Thinking outside the Box: Globalization, Labor Rights, and the Making of Preferential Trade Agreements
Zhiyuan Wang
International Studies Quarterly, forthcoming
Abstract:
States can seemingly defy the dictates of globalization. In practice, although being pressured by their competitors, states rarely engage in the race to the bottom by downgrading labor rights laws that are politically costly to pursue. I argue that states’ resistance is made possible by adopting more viable policy alternatives, i.e., concluding preferential trade agreements (PTAs). PTAs can generate considerable economic gains in a less politically costly way than does reducing legal labor protection. As a result, it is expected that a pair of states is more likely to form a PTA in the face of policy pressure to lower legal labor protection. I also argue that facing such pressure, these states are more likely to include strong labor provisions in PTAs. Finally, in the face of the policy pressure, states may feel that signing a PTA is a bit less urgent when they are able to diminish practical labor protection. Applying structural equivalence technique to a new global labor rights dataset to capture the policy pressure to lower legal labor protection, I find robust evidence in support of these conjectures.

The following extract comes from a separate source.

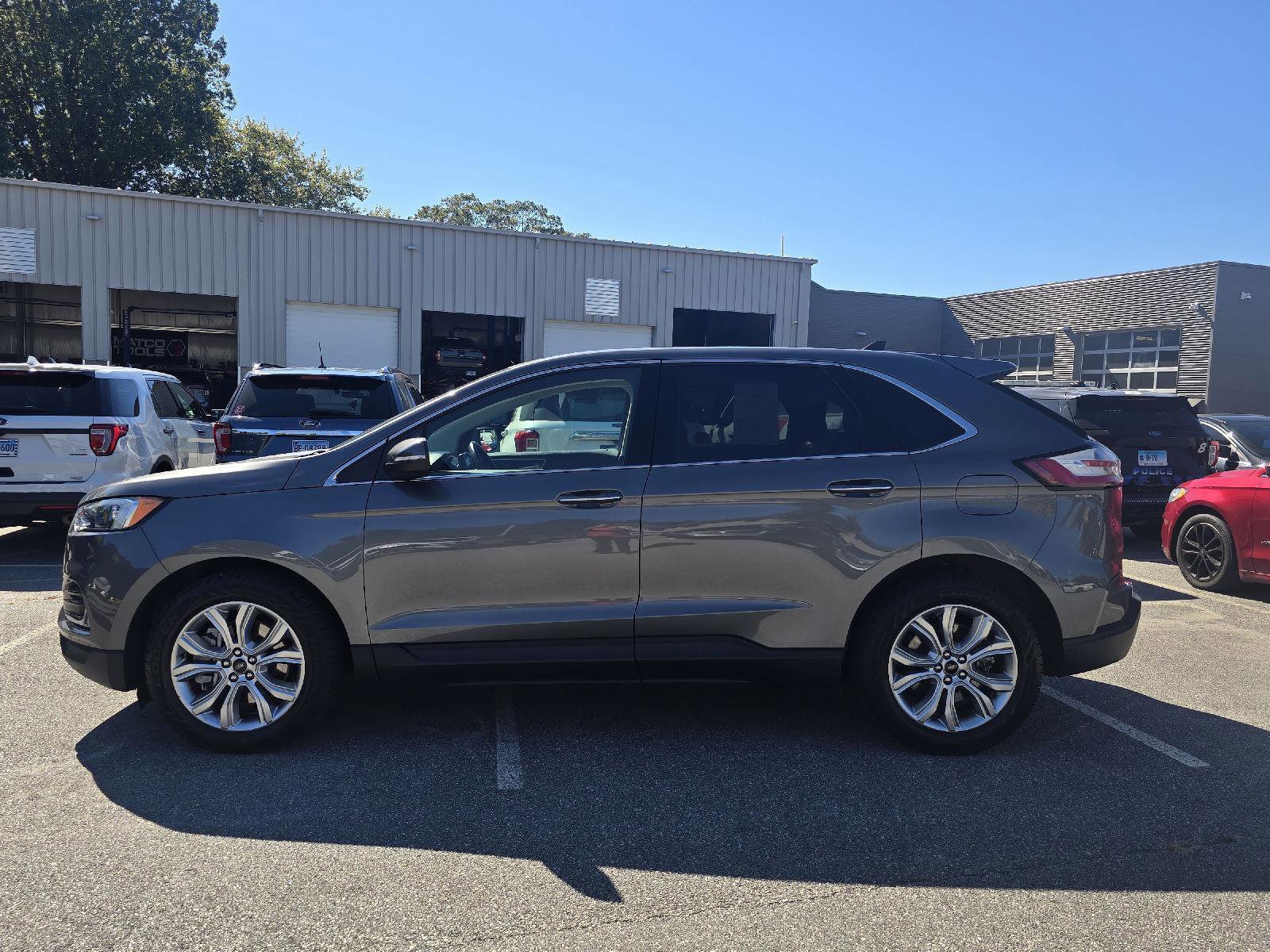 Used 2023 Ford Edge Titanium image 6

Across-Country Wage Compression in Multinationals
Jonas Hjort, Xuan Li & Heather Sarsons
NBER Working Paper, February 2020
Abstract:
Many employers link wages at the firm’s establishments outside of the home region to the level at headquarters. Multinationals that anchor-to-the headquarters also transmit wage changes arising from shocks to minimum wages and exchange rates in the home country/state to their foreign establishments. Such multinationals fire more low-skill workers and hire fewer new workers abroad after a permanent (minimum wage-induced) foreign establishment wage increase originating in shocks to headquarter wages, but not after a temporary (exchange rate-induced) one. We show this using data on 1,060 multinationals’ establishments across the world and in employee-level data on the same employers’ establishments in Brazil.